E não temos povo porque nossa relação uns com os outros é sempre de domínio. Fruto da escravidão, essa situação se cristalizou por todo o tecido social e gera um ressentimento surdo e permanente, que deságua na violência sem limites, provocando centenas de milhares de vítimas por ano, numa guerra não declarada e que transcende a luta de classes: é ódio puro e simples, retaliação e irresponsabilidade, com a morte em todas as faixas de idade. Como não temos mais educação, aumentam as multidões ágrafas, o que gera um buraco enorme de vagas no mercado de trabalho, que precisa de gente pelo menos alfabetizada. Esse vácuo é preenchido pela importação maciça de mão-de-obra estrangeira.

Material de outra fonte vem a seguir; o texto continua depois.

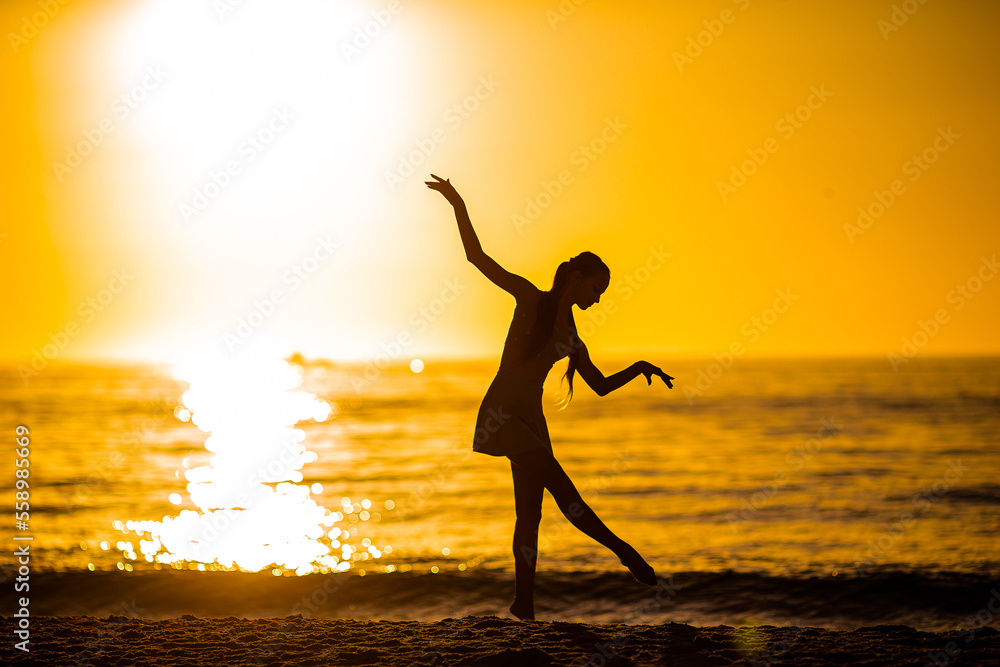 Wall mural Silhouette of the beautiful girl dancing on the beach at sunset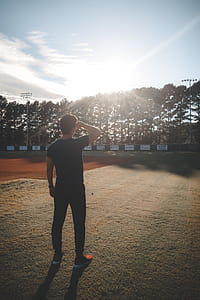 Man Standing on Field Looking on Trees thumbnail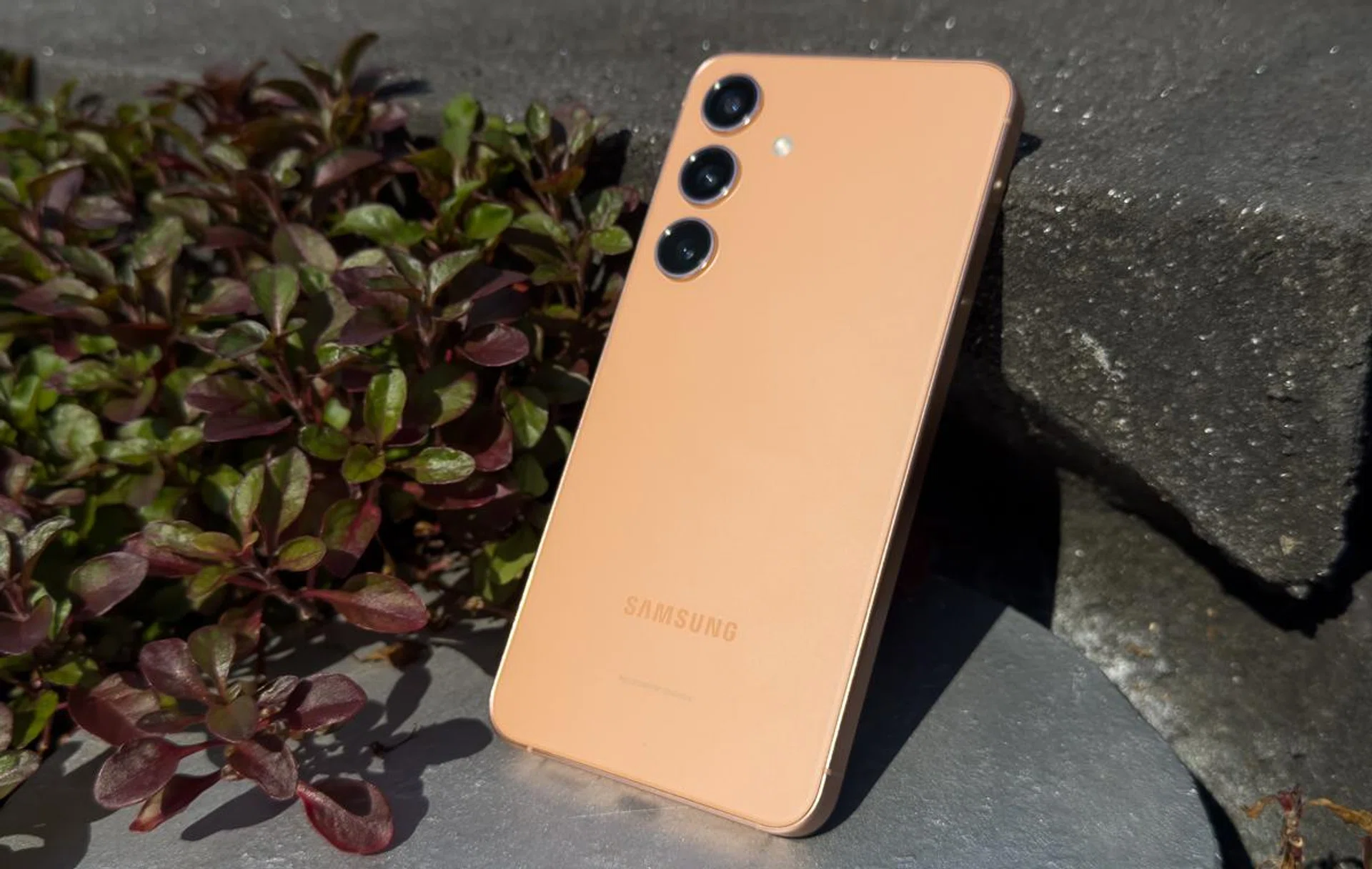 The Samsung Galaxy S24 in Sandstone Orange colourway.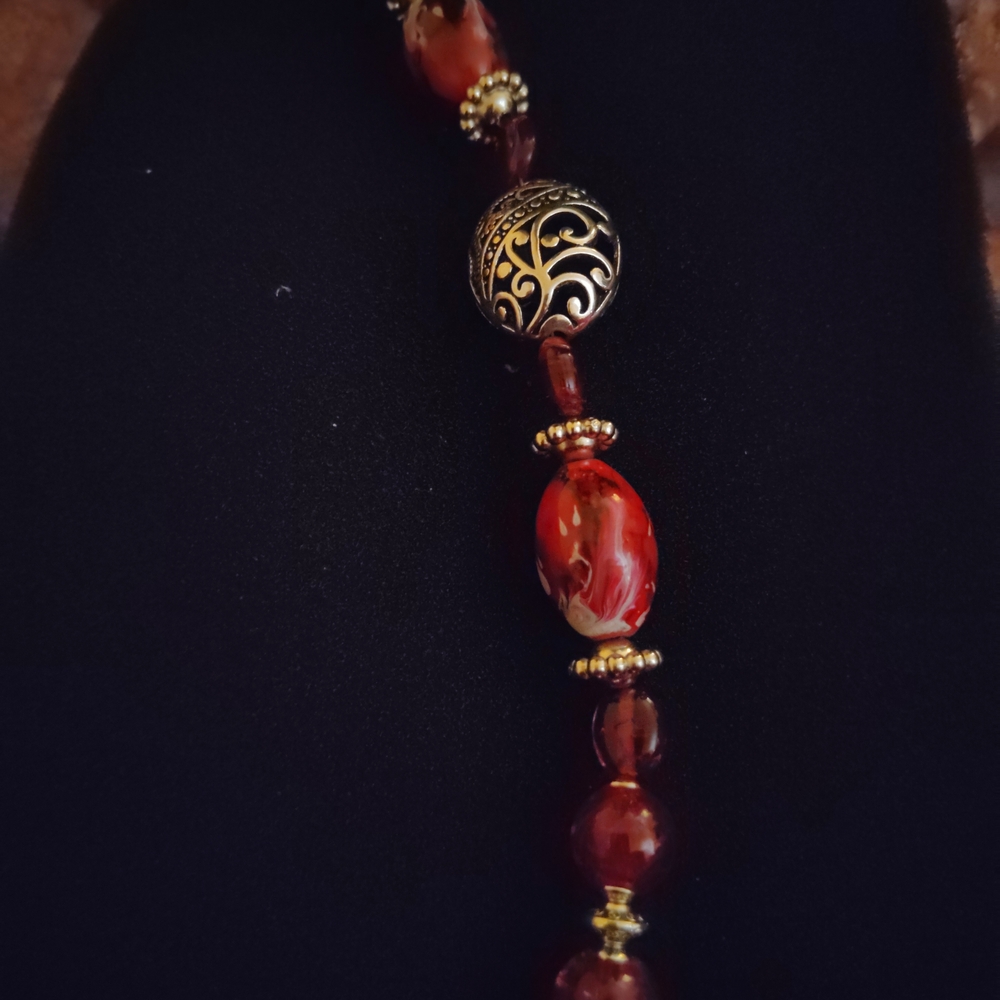 Elegant Red Beaded Bracelet with Intricate Silver Accents - Picture 3 of 3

O que Obama visita então, se não temos país, nem democracia, nem povo? Ele simplesmente cumpre uma agenda diplomática internacional para reiterar os laços que nos unem aos americanos desde a II Grande Guerra, quando lutamos com os Aliados e a FEB foi anexada ao V Exército americano. Esse foi o começo da perda da soberania, precedido pela morte de Roosevelt, que nos tinha em alta conta e foi substituído pelos piratas, que no fim preparam a erradicação do trabalhismo, fonte política e econômica do Brasil soberano (1930-1964). Obama visita a casca do país e deve ter notado que a Cinelândia é uma casca tão fina que não suporta a simbologia que quiseram lhe atribuir nesta altura do campeonato.

O que cresceu no Brasil foi a superconcentração de renda (exibimos novos biliardários todos os anos), a inadimplência (os pobre se endividiram, achando que ascendiam socialmente), o sucateamento das cidades (onde tudo vira favela), o espaço da terra arável para o agrobusiness transgênico e predador e a possibilidade de destruirmos o que resta, como acontecerá se resolverem “transpor” as águas do São Francisco e furar o pré-sal sem tecnologia suficiente para evitar desastres.

Obama deve lamentar tudo isso. Gostaria de visitar um grande país, parceiro do seu, independente da ação nociva dos EUA nessa destruição (a autoria deve ser creditada a nós; fomos ajudados, só que a maior parcela da responsabilidade está dentro das fronteiras). Mas o que temos é uma ininterrupta campanha de publicidade dizendo que somos o máximo, quando estamos num nível muito abaixo do mínimo. Já que abrimos mão da nossa importância, talvez o minúsculo Chile, para onde Obama irá depois de sua visita, desempenhe esse papel jogado no lixo pelo gigante.